# What to produce
Quote exactly, and only, the lines of the material below from the line with "Ornate Pichwai artwork" through the line with "I Love You Braille".
#### Data to process ####
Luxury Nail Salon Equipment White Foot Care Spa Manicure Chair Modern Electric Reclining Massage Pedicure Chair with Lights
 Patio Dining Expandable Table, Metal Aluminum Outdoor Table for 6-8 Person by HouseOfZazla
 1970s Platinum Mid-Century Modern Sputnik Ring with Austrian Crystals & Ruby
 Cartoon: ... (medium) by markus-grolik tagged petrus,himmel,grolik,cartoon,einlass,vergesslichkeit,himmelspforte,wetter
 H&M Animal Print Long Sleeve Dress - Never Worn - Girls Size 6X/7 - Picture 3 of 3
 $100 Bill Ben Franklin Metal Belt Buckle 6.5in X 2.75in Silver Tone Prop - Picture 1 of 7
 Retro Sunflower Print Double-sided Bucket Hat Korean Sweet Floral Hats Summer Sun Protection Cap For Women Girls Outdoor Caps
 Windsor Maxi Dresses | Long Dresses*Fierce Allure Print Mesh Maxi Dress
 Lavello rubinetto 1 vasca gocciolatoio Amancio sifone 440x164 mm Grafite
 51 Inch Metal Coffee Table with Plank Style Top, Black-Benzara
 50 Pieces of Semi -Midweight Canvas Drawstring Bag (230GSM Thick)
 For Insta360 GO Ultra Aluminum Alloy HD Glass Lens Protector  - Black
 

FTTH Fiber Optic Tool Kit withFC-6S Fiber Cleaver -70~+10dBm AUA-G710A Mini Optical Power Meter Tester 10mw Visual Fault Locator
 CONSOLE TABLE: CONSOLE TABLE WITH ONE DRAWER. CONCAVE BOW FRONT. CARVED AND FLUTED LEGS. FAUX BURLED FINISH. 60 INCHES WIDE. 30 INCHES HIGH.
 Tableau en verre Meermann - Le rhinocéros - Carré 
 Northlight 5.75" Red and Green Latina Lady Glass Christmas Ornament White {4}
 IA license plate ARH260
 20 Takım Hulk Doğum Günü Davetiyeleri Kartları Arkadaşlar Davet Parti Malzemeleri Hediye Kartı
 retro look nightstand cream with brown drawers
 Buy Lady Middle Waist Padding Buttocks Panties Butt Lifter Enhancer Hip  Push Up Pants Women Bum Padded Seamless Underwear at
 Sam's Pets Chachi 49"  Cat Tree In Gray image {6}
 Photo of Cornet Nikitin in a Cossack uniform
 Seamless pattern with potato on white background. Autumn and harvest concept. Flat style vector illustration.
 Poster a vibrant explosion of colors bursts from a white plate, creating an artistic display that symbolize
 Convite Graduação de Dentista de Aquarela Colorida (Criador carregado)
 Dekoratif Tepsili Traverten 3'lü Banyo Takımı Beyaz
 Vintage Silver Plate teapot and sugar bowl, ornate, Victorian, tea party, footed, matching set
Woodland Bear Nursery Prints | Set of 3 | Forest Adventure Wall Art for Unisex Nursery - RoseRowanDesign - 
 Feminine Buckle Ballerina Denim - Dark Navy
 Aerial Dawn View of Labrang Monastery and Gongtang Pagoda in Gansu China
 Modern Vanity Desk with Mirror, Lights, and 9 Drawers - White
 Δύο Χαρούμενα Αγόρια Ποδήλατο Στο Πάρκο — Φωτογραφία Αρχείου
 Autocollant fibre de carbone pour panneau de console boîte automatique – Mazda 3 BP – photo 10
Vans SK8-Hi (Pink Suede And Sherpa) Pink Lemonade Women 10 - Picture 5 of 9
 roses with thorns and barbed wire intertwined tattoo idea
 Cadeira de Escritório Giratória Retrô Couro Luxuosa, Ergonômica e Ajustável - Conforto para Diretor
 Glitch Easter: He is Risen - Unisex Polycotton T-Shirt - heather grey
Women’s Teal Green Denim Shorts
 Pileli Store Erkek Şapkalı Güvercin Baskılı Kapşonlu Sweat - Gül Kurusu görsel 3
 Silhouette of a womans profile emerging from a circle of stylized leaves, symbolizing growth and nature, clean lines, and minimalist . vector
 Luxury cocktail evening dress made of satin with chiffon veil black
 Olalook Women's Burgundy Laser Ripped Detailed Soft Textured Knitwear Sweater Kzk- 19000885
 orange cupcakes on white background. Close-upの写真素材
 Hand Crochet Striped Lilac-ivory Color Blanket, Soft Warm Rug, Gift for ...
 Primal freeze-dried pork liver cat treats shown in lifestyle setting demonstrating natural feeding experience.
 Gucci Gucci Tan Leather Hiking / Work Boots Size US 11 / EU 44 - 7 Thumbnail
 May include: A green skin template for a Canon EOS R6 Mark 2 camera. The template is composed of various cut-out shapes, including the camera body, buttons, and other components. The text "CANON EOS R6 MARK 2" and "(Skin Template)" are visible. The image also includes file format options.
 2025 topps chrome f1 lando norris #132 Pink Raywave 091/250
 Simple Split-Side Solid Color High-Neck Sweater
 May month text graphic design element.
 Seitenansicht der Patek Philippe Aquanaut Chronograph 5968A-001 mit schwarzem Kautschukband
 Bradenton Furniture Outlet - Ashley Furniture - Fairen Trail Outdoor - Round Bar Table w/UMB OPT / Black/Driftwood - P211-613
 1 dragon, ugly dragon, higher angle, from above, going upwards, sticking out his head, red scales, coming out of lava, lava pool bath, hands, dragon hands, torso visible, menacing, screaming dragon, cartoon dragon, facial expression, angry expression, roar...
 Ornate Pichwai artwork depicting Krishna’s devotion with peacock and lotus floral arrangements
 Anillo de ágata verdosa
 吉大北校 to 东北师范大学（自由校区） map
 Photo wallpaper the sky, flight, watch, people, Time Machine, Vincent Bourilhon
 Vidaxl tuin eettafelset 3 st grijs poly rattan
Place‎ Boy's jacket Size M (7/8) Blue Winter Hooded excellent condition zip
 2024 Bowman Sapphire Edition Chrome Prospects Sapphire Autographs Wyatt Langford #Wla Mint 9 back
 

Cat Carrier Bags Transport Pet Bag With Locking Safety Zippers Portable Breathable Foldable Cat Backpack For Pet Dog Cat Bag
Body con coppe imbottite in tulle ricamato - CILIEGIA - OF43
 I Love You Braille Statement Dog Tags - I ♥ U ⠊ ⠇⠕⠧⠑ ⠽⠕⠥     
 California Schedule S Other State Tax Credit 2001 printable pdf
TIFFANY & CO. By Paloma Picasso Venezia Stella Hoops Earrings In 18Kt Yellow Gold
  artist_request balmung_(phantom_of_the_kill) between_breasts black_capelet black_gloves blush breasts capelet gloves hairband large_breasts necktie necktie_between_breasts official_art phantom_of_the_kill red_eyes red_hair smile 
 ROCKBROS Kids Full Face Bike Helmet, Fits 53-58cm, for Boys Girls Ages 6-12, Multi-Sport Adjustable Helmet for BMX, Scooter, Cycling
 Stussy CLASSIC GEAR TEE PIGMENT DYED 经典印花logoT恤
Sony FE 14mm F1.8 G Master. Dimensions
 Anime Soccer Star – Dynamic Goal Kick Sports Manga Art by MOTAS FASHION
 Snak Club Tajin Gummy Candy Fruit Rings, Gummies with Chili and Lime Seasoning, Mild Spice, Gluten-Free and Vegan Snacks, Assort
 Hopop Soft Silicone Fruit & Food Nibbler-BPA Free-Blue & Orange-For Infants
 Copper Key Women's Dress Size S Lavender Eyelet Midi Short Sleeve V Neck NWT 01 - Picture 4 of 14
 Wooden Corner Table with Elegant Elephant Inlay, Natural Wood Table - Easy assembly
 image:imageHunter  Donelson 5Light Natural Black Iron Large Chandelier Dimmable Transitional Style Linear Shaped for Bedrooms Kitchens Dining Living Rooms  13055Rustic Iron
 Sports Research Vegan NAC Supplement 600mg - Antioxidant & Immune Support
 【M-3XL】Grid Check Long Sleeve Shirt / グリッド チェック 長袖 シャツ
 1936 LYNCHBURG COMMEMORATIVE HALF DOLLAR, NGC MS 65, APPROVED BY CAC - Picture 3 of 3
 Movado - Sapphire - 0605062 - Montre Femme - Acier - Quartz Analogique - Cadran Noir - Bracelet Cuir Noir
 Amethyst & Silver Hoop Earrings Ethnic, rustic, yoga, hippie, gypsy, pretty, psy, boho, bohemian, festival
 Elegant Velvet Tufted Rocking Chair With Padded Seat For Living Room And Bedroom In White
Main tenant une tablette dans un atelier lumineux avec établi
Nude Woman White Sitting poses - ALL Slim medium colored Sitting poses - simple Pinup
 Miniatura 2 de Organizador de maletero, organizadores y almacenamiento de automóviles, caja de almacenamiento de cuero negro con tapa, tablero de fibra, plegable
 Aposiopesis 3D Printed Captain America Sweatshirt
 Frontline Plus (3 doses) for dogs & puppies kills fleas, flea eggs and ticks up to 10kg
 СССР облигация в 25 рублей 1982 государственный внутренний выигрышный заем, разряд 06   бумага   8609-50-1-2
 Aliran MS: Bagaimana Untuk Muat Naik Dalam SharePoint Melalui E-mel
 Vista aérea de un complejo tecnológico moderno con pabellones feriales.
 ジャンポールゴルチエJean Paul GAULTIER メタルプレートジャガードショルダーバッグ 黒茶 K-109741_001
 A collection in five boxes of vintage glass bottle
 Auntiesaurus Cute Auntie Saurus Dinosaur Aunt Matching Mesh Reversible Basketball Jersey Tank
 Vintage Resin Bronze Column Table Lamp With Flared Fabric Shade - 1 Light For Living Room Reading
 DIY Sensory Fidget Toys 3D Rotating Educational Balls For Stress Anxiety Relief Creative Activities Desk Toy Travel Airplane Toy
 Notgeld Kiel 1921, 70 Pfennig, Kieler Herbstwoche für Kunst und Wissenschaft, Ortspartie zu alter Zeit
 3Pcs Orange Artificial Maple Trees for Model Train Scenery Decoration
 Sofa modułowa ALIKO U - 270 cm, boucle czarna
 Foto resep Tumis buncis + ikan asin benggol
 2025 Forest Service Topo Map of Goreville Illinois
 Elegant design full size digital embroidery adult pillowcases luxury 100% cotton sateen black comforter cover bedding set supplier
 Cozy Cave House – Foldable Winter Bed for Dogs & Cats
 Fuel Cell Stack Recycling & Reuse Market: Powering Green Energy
####
# Written solution
 Ornate Pichwai artwork depicting Krishna’s devotion with peacock and lotus floral arrangements
 Anillo de ágata verdosa
 吉大北校 to 东北师范大学（自由校区） map
 Photo wallpaper the sky, flight, watch, people, Time Machine, Vincent Bourilhon
 Vidaxl tuin eettafelset 3 st grijs poly rattan
Place‎ Boy's jacket Size M (7/8) Blue Winter Hooded excellent condition zip
 2024 Bowman Sapphire Edition Chrome Prospects Sapphire Autographs Wyatt Langford #Wla Mint 9 back
 

Cat Carrier Bags Transport Pet Bag With Locking Safety Zippers Portable Breathable Foldable Cat Backpack For Pet Dog Cat Bag
Body con coppe imbottite in tulle ricamato - CILIEGIA - OF43
 I Love You Braille Statement Dog Tags - I ♥ U ⠊ ⠇⠕⠧⠑ ⠽⠕⠥     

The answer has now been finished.